10.13. EARNINGS (LOSS) EARNINGS PER SHARE
A net loss cannot be diluted. Therefore, when the Company is in a net loss position, basic and diluted loss per common share are the same. If the Company achieves profitability, the denominator of a diluted earnings per common share calculation includes both the weighted-average number of shares outstanding and the number of common stock equivalents, if the inclusion of such common stock equivalents would be dilutive. Dilutive common stock equivalents potentially include warrants, stock options and non-vestedunvested restricted stock awards and units using the treasury stock method, along with the effect, if any, from outstanding convertible securities. The majority of the Company’s outstanding warrants to purchase common stock have participation rights to any dividends that may be declared in the future and are therefore considered to be participating securities. Participating securities have the effect of diluting both basic and diluted earnings per share during periods of income. During periods of loss, no loss is allocated to the participating securities since the holders have no contractual obligation to share in the losses of the Company.

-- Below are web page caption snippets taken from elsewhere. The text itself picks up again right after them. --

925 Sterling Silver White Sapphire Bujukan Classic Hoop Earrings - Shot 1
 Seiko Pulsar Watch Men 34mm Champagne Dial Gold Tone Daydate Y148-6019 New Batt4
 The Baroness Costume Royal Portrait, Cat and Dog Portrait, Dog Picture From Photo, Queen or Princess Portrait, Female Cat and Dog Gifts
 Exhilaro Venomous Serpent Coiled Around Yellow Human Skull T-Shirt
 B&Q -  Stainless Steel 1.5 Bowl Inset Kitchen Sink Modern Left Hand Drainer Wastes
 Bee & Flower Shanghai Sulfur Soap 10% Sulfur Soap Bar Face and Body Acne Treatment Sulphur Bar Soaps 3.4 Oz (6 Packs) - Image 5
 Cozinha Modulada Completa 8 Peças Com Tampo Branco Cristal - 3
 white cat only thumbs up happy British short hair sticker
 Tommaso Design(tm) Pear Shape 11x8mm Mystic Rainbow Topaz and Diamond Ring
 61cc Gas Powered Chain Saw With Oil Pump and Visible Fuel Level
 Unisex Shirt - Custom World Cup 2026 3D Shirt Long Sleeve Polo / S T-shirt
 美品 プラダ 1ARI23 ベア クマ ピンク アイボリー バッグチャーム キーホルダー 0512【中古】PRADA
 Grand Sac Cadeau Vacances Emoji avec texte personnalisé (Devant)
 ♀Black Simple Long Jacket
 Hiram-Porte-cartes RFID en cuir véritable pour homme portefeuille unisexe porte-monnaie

Additionally, an entity that presents earnings per share shall recognize the value of the effect of an anti-dilution provision in an equity-classified freestanding financial instrument in the period the anti-dilution provision is triggered. That effect shall be treated as a deemed dividend and as a reduction of income available to common stockholders in basic earnings per share. The deemed dividend is added back to income available to common stockholders when applying the treasury stock method for diluted earnings per share.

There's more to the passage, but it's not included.